Transcribe all the entries word for word, skipping the pictures.

--- Brief descriptive captions ---
........
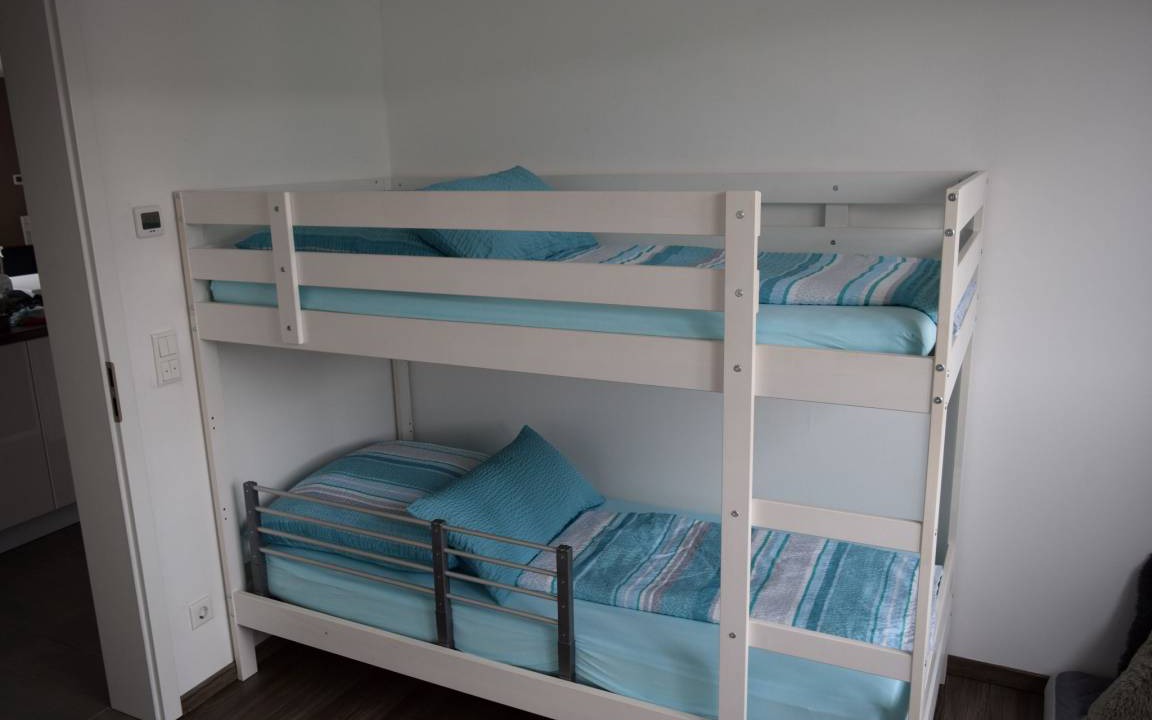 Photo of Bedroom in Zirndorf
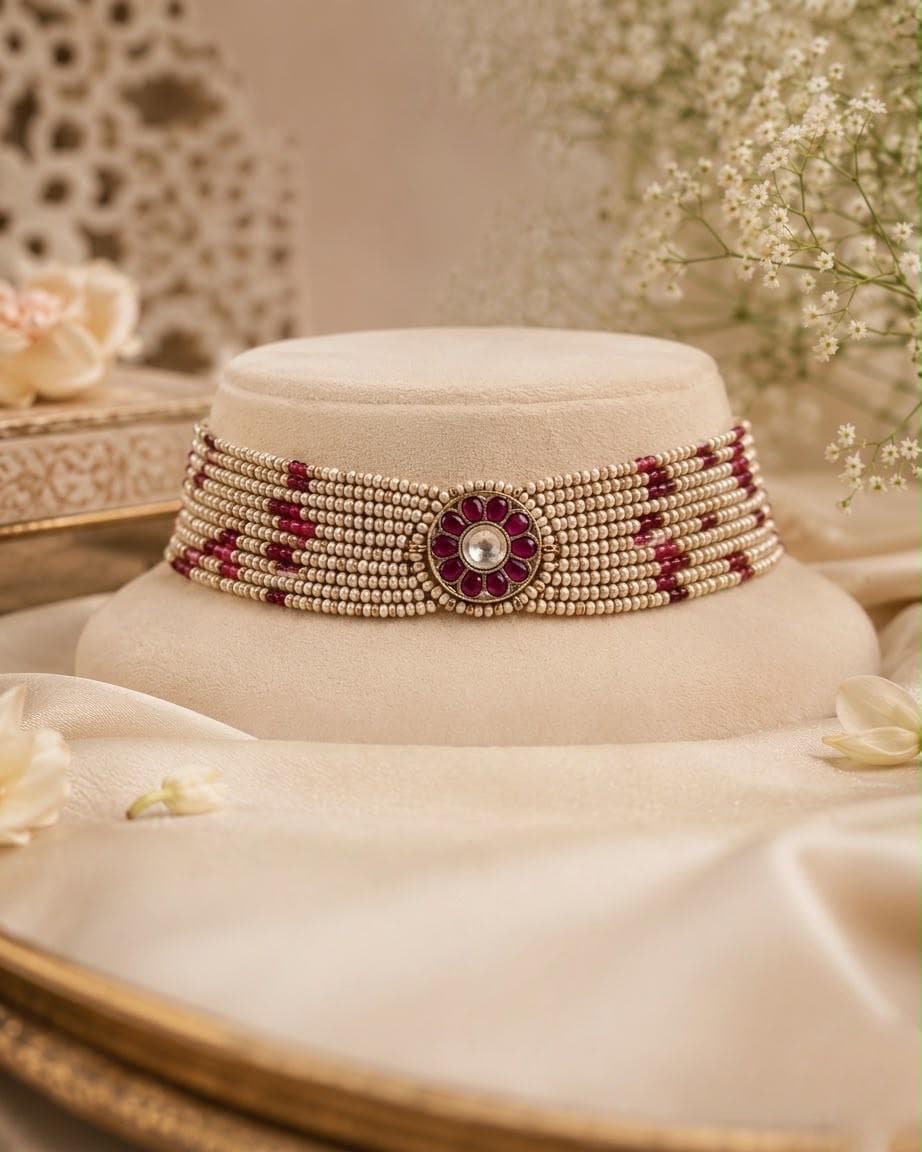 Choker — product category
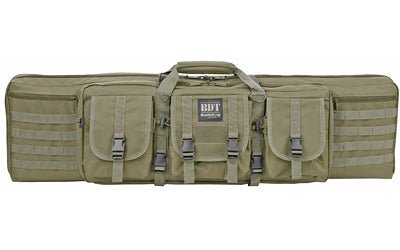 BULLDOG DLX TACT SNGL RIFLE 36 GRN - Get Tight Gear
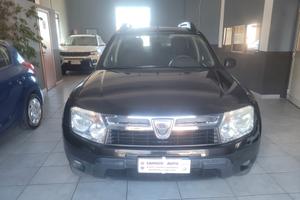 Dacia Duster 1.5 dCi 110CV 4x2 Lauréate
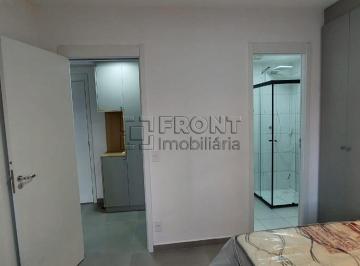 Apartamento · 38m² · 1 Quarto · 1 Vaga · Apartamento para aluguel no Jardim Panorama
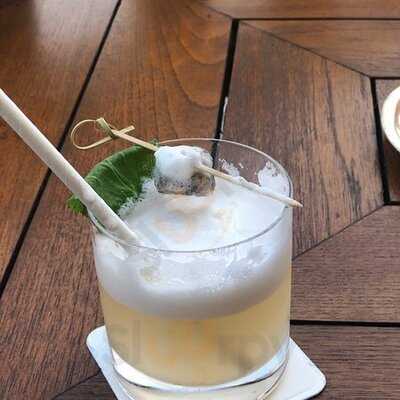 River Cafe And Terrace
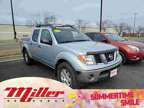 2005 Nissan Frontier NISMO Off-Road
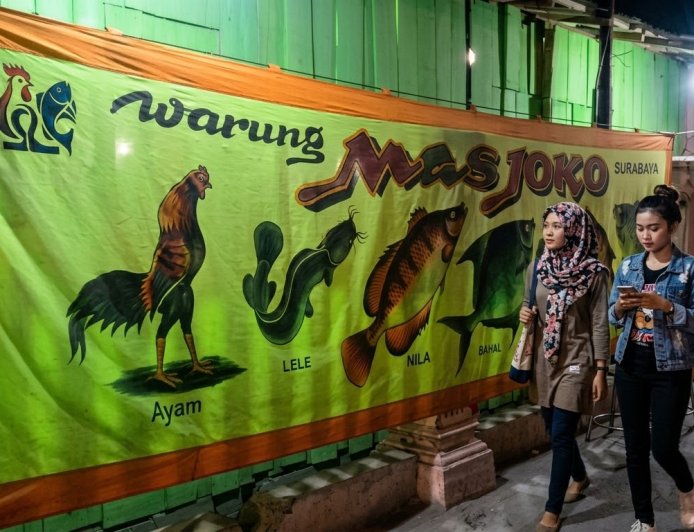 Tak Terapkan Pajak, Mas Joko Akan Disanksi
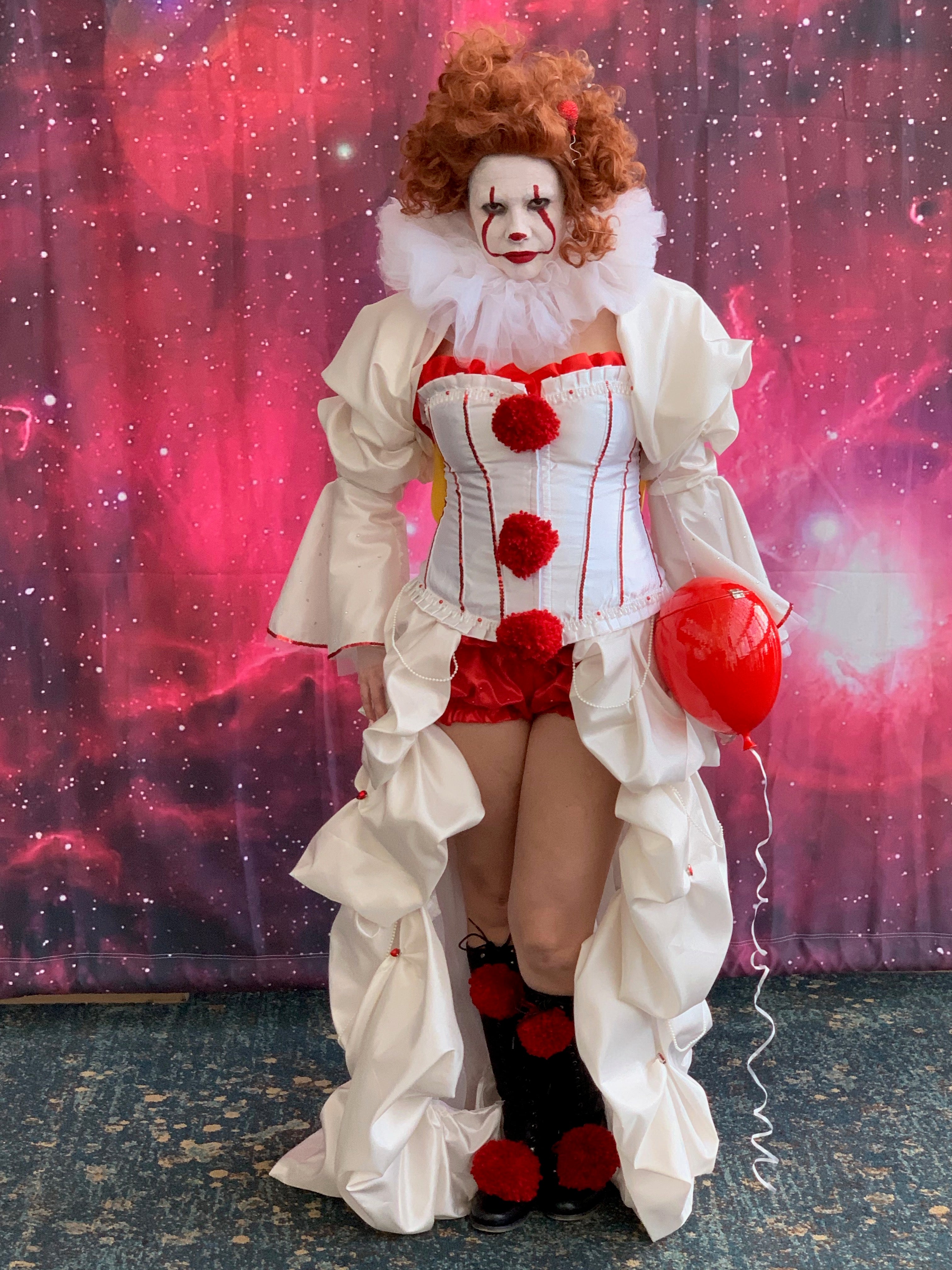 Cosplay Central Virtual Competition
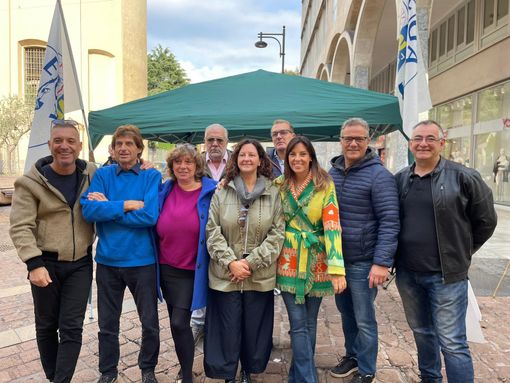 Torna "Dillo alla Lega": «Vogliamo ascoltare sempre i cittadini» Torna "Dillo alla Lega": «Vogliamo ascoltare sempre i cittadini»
........
--- Answer to this task ---
 Photo of Bedroom in Zirndorf
 Choker — product category
 BULLDOG DLX TACT SNGL RIFLE 36 GRN - Get Tight Gear
 Dacia Duster 1.5 dCi 110CV 4x2 Lauréate
 Apartamento · 38m² · 1 Quarto · 1 Vaga · Apartamento para aluguel no Jardim Panorama
 River Cafe And Terrace
 2005 Nissan Frontier NISMO Off-Road
 Tak Terapkan Pajak, Mas Joko Akan Disanksi
 Cosplay Central Virtual Competition
 Torna "Dillo alla Lega": «Vogliamo ascoltare sempre i cittadini» Torna "Dillo alla Lega": «Vogliamo ascoltare sempre i cittadini»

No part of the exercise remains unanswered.